◆ TASK BRIEF
Keep to one stretch of the data below, the lines from the one with "賴厝國小家長會 家庭日 魚雅築露營區｜露營啤酒車" up to and including the one with "Dream Loud Unisex", and return that stretch exactly.

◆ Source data
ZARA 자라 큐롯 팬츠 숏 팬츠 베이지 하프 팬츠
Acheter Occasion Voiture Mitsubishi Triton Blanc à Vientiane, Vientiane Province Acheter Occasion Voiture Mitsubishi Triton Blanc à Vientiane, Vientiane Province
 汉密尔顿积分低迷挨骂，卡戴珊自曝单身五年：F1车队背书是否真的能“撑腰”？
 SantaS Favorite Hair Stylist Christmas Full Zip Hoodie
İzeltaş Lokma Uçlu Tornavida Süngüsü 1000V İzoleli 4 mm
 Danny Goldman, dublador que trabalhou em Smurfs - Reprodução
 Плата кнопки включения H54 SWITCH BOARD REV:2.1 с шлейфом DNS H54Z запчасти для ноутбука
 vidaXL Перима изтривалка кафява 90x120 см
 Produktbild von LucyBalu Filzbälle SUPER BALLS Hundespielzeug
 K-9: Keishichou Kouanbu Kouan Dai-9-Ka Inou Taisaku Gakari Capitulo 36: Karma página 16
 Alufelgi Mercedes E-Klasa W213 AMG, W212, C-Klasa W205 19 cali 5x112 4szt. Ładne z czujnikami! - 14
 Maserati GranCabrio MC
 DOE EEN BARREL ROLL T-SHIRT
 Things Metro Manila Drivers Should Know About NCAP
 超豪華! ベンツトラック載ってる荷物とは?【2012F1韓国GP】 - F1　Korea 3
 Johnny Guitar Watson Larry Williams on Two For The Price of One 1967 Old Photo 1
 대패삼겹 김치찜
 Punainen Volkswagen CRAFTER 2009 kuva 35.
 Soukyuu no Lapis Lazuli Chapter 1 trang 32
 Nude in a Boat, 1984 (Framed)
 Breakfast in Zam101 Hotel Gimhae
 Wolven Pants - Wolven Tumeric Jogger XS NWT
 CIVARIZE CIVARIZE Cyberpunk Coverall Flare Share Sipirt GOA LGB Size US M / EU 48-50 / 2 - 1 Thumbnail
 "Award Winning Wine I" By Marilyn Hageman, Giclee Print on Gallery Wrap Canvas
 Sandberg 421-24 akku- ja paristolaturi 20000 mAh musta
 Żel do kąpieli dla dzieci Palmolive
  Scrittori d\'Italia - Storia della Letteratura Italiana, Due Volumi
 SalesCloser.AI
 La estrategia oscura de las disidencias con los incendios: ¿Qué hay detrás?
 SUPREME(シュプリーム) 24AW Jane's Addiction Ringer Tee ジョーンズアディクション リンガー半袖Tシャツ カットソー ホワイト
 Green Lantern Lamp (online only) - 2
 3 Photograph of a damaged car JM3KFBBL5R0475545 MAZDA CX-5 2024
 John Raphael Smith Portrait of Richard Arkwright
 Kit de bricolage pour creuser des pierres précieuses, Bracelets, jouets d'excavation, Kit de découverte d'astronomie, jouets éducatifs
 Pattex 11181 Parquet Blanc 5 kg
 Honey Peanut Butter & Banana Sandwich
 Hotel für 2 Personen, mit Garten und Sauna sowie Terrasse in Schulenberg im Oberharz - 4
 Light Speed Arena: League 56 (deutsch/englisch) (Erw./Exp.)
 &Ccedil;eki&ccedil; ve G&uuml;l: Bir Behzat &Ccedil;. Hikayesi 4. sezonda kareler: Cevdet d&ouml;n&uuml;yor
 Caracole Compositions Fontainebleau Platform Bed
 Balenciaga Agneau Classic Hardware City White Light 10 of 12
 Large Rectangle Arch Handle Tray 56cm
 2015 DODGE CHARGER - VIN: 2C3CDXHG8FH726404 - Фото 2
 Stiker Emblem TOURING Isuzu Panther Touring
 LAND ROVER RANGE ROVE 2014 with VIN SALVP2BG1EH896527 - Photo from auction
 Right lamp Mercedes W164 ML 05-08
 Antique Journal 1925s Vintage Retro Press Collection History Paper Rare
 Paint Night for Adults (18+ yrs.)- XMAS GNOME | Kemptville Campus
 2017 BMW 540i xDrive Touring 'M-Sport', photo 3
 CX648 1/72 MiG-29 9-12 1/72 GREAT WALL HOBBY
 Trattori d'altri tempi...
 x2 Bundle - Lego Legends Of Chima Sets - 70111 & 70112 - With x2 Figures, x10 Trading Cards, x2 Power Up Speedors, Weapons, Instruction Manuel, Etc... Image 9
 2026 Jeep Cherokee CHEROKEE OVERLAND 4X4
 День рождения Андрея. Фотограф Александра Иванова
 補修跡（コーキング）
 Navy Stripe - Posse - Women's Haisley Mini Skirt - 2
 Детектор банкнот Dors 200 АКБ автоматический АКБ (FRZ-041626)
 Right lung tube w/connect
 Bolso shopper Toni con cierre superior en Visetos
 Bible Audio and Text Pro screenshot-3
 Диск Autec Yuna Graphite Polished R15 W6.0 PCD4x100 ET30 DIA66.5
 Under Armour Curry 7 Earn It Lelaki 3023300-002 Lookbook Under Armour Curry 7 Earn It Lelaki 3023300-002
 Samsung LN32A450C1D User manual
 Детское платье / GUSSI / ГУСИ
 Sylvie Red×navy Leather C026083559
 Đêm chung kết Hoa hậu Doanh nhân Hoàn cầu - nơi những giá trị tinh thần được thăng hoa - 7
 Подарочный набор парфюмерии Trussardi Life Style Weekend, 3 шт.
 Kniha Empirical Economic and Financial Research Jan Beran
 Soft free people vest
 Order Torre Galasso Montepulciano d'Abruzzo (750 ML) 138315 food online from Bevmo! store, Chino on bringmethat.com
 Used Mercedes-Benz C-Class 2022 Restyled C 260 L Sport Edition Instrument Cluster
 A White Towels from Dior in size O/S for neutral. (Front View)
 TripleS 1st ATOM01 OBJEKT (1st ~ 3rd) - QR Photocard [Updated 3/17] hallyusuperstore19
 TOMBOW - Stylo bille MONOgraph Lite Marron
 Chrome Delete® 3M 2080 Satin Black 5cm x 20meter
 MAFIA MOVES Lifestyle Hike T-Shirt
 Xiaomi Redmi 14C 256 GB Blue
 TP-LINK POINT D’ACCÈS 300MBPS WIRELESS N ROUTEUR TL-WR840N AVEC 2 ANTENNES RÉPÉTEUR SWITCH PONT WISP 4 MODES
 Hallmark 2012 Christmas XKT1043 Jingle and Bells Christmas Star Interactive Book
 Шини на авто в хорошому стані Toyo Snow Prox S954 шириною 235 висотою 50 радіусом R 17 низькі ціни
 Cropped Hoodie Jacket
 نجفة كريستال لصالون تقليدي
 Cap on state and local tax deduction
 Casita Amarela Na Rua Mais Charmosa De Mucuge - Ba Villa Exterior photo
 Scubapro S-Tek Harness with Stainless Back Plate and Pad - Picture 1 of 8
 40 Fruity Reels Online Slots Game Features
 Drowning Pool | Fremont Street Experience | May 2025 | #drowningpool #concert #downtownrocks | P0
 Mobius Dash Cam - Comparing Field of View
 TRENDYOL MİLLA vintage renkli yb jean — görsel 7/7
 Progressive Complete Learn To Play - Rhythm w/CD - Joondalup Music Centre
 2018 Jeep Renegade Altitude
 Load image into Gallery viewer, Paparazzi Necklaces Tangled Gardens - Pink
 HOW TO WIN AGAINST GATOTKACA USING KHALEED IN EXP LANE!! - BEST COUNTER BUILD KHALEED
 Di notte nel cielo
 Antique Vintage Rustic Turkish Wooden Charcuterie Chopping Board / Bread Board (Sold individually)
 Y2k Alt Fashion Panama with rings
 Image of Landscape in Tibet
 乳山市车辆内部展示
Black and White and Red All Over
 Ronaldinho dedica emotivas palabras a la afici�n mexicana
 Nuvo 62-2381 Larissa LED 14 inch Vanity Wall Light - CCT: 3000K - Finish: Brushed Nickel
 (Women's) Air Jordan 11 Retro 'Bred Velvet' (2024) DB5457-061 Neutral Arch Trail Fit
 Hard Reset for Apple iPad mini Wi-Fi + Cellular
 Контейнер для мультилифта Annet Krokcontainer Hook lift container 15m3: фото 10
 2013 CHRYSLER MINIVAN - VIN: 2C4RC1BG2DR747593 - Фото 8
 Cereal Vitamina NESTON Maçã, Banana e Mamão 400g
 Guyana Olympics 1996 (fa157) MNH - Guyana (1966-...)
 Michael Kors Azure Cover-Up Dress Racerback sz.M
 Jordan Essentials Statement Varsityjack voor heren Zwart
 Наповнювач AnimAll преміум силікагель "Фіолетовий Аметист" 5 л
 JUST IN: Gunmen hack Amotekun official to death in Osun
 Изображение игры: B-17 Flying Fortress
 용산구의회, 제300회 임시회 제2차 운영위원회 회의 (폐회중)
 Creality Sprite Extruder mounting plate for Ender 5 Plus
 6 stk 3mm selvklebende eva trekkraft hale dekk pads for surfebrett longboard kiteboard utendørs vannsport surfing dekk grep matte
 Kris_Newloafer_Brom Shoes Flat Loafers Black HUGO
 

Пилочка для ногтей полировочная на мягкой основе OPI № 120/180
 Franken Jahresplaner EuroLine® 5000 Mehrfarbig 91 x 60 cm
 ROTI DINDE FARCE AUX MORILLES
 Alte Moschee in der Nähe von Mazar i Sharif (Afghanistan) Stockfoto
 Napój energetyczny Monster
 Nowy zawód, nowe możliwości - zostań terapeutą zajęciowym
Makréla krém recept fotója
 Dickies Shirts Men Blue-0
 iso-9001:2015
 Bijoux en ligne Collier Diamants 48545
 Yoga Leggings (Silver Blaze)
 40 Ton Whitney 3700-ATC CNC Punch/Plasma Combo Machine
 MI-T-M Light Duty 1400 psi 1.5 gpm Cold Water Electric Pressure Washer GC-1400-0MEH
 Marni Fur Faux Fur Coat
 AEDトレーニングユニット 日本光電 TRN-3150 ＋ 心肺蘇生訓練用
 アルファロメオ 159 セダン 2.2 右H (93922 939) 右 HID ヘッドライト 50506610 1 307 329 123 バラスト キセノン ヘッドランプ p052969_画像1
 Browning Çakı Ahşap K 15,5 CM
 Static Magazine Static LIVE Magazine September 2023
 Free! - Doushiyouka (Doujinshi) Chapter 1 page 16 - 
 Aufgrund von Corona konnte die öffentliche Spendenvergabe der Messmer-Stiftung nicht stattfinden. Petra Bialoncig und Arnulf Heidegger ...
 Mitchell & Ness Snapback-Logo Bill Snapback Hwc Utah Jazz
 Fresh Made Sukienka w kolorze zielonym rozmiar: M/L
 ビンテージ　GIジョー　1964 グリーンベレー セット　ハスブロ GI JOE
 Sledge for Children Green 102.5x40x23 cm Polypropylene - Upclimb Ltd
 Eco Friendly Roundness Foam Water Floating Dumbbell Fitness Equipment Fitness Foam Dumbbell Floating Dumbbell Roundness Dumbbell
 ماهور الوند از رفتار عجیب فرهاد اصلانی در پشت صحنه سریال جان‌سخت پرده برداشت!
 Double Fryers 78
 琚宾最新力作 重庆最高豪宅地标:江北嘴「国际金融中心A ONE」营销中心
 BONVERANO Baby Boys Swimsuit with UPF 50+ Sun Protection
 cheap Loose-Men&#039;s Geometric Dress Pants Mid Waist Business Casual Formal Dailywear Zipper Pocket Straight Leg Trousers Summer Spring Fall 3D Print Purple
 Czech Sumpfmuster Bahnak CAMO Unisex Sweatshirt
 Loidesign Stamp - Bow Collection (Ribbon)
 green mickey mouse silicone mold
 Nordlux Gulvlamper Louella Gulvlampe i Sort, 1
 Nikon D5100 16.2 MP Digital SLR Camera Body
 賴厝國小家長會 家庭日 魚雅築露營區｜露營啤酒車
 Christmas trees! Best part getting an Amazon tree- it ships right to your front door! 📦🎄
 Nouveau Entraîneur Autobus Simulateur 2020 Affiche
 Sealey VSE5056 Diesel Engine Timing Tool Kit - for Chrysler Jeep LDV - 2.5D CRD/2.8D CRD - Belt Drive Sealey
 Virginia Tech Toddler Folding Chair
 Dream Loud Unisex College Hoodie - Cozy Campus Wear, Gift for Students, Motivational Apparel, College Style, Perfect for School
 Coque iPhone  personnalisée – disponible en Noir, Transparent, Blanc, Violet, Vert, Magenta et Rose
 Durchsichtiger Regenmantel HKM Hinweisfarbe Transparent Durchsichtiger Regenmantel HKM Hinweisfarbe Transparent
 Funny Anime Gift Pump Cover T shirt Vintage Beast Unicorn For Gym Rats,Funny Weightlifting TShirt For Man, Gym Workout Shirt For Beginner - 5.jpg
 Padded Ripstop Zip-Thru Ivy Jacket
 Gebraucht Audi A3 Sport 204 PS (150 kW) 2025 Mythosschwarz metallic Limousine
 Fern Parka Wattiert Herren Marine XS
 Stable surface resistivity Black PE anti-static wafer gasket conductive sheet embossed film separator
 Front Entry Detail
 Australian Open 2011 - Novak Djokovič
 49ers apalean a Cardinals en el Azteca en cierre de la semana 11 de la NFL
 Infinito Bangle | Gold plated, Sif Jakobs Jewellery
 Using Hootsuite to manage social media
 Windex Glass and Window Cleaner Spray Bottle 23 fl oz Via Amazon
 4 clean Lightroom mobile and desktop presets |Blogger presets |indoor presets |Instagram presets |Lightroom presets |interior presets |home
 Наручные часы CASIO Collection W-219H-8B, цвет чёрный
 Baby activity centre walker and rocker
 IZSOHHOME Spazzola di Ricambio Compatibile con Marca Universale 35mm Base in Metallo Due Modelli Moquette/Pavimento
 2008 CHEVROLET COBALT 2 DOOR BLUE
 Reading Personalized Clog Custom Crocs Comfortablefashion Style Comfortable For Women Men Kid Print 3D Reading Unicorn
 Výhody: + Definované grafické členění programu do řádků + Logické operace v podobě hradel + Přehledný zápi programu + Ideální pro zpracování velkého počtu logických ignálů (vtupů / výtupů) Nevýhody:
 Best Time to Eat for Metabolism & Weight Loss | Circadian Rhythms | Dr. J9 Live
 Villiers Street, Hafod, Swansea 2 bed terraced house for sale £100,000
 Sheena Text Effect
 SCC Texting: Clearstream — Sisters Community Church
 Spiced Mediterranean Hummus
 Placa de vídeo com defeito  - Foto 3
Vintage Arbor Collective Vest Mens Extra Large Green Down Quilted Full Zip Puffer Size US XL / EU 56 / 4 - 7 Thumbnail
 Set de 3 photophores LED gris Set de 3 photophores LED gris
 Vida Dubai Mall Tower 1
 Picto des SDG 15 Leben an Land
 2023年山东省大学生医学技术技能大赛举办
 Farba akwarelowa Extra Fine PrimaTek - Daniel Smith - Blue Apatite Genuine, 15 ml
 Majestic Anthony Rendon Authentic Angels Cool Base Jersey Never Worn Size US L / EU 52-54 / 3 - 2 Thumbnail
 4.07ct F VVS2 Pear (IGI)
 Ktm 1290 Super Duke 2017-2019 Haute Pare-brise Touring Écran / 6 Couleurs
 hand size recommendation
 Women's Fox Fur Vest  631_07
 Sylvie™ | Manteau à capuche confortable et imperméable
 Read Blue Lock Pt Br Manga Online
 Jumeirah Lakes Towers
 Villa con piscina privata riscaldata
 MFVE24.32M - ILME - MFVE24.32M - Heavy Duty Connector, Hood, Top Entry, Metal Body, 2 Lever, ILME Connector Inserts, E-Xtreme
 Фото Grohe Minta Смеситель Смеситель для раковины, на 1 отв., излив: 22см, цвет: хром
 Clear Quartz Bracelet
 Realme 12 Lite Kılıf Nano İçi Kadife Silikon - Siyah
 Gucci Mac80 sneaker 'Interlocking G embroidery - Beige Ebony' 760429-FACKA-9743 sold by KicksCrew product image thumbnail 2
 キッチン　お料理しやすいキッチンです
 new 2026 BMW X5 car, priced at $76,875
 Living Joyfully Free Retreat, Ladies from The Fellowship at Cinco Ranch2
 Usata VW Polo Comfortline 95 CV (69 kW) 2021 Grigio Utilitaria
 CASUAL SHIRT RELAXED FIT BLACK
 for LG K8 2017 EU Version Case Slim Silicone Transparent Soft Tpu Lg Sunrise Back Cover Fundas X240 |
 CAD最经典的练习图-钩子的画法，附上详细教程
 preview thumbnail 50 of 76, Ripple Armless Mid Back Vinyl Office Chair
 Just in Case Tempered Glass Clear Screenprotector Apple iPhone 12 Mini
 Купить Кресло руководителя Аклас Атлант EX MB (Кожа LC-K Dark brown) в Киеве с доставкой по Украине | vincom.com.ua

◆ COMPLETED TASK
 賴厝國小家長會 家庭日 魚雅築露營區｜露營啤酒車
 Christmas trees! Best part getting an Amazon tree- it ships right to your front door! 📦🎄
 Nouveau Entraîneur Autobus Simulateur 2020 Affiche
 Sealey VSE5056 Diesel Engine Timing Tool Kit - for Chrysler Jeep LDV - 2.5D CRD/2.8D CRD - Belt Drive Sealey
 Virginia Tech Toddler Folding Chair
 Dream Loud Unisex College Hoodie - Cozy Campus Wear, Gift for Students, Motivational Apparel, College Style, Perfect for School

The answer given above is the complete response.